Pour celles qui demanderont l’exemption, le processus risque :
– d’être revictimisant, puisque que le conjoint pourrait questionner la nature du motif sérieux.
– d’augmenter les risques pour leur sécurité et celle de leurs enfants lorsque l’ex-partenaire comprendra que la femme a dévoilé sa violence
– de susciter de l’insécurité de la part des victimes en raison du risque de sanctions pour « fausse déclaration ».
Face aux mythes et stéréotypes persistants entourant la violence conjugale, les victimes devront une fois de plus démontrer le sérieux de leur situation pour être crues et exemptées de la médiation.
« La médiation obligatoire donne des armes supplémentaires aux auteurs de violence pour utiliser le système de justice à leur avantage. Aucune mesure de sécurité n’est prévue pour les femmes et les enfants victimes qui se retrouveront en médiation face à leur agresseur » souligne Sabrina Lemeltier, de l’Alliance des maisons d’hébergement de 2e étape.
Le Regroupement et l’Alliance demandent le retrait de la médiation obligatoire, pour éviter des conséquences dramatiques en contexte de violence conjugale.
Un Tribunal unifié à la portée limitée
Selon les deux associations, le PL91 ne permettra pas de remplir l’objectif mis de l’avant par le ministre de la Justice, Simon Jolin-Barrette, soit de « simplifier le parcours judiciaire des familles ». D’une part, seule une poignée de familles québécoises pourront bénéficier de l’unification des services judiciaires, écartant les couples mariés et les conjoints de fait sans enfants ou dont les enfants sont nés avant le 30 juin 2025. D’autre part, pour ceux qui seront couverts, ils et elles feront face à des professionnel.le.s du droit qui ne sont ni formé.e.s ni expérimenté.e.s dans les différents domaines de droit requis par le TUF.
« Le projet de loi 91 a pour effet d’augmenter la complexité du parcours judiciaire pour les personnes victimes, alors que plusieurs belles avancées étaient à noter sur ce plan dans les dernières années.
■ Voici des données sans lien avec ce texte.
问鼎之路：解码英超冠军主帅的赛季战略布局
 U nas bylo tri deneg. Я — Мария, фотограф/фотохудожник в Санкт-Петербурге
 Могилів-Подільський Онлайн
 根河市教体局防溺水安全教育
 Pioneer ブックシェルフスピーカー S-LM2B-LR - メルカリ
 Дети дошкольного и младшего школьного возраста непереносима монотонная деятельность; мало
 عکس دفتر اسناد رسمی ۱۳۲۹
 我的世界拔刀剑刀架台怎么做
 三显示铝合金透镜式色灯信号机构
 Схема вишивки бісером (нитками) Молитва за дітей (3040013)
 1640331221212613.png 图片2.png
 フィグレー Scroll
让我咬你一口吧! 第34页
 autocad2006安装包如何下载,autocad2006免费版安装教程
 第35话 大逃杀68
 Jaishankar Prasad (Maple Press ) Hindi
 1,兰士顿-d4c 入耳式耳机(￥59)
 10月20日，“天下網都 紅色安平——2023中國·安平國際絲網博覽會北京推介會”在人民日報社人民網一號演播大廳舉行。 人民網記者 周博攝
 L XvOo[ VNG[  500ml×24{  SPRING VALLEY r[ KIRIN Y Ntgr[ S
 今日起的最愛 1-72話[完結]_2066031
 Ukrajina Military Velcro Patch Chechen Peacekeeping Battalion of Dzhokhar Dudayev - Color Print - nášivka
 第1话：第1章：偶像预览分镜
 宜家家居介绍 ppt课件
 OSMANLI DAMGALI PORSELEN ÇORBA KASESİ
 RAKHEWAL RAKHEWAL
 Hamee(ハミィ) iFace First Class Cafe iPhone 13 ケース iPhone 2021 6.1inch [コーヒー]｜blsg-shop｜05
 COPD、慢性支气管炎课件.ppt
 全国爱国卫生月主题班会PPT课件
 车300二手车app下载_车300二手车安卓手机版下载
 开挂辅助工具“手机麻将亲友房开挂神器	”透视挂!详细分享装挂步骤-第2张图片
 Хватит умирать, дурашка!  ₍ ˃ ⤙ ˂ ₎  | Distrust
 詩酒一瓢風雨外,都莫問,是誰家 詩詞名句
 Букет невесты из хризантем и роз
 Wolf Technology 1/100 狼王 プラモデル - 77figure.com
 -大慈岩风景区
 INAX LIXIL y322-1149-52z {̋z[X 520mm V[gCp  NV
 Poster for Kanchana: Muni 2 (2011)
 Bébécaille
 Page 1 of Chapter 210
Le PL91 occulte les spécificités des litiges en présence de violence conjugale et omet d’assurer la sécurité des femmes et des enfants qui en sont victimes » déclare Justine Fortin, co-responsable des dossiers politiques au Regroupement.
Recommandations pour une réforme complète du droit de la famille
Le Tribunal unifié de la famille n’est qu’un des maillons de la réforme du droit de la famille, chère au ministre de la Justice. Il ne pourra être bénéfique pour les personnes victimes que si les conditions sont réellement réunies. En plus de proposer des modifications au PL91, le mémoire du Regroupement et de l’Alliance propose des recommandations plus larges, notamment :
– Rendre obligatoire le dépistage de la violence conjugale par les professionnel.le.s qui pratiquent la médiation familiale, avant et tout au long du processus.
– Former adéquatement les acteurs du système judiciaire en matière de violence conjugale, notamment les juges, les médiateurs familiaux et les expert.e.s psychosociaux.
– Offrir de la représentation spécialisée pour les personnes victimes afin de lever les barrières d’accès à la justice qu’elles rencontrent.
– Donner une voix aux enfants, notamment par l’encadrement du droit d’être entendu de l’enfant.
Sur le papier, le TUF et les objectifs qu’il poursuit sont assurément intéressants. Or, le Regroupement et l’Alliance sont inquiets quant à sa mise en œuvre, tel que proposée dans le PL91. « En l’absence de modifications conséquentes, les survivantes de violence risquent de devoir encore naviguer à travers une multitude de tribunaux, de lois et de façons de faire, sans filet de sécurité » conclut Louise Riendeau, coresponsable des dossiers politiques au Regroupement.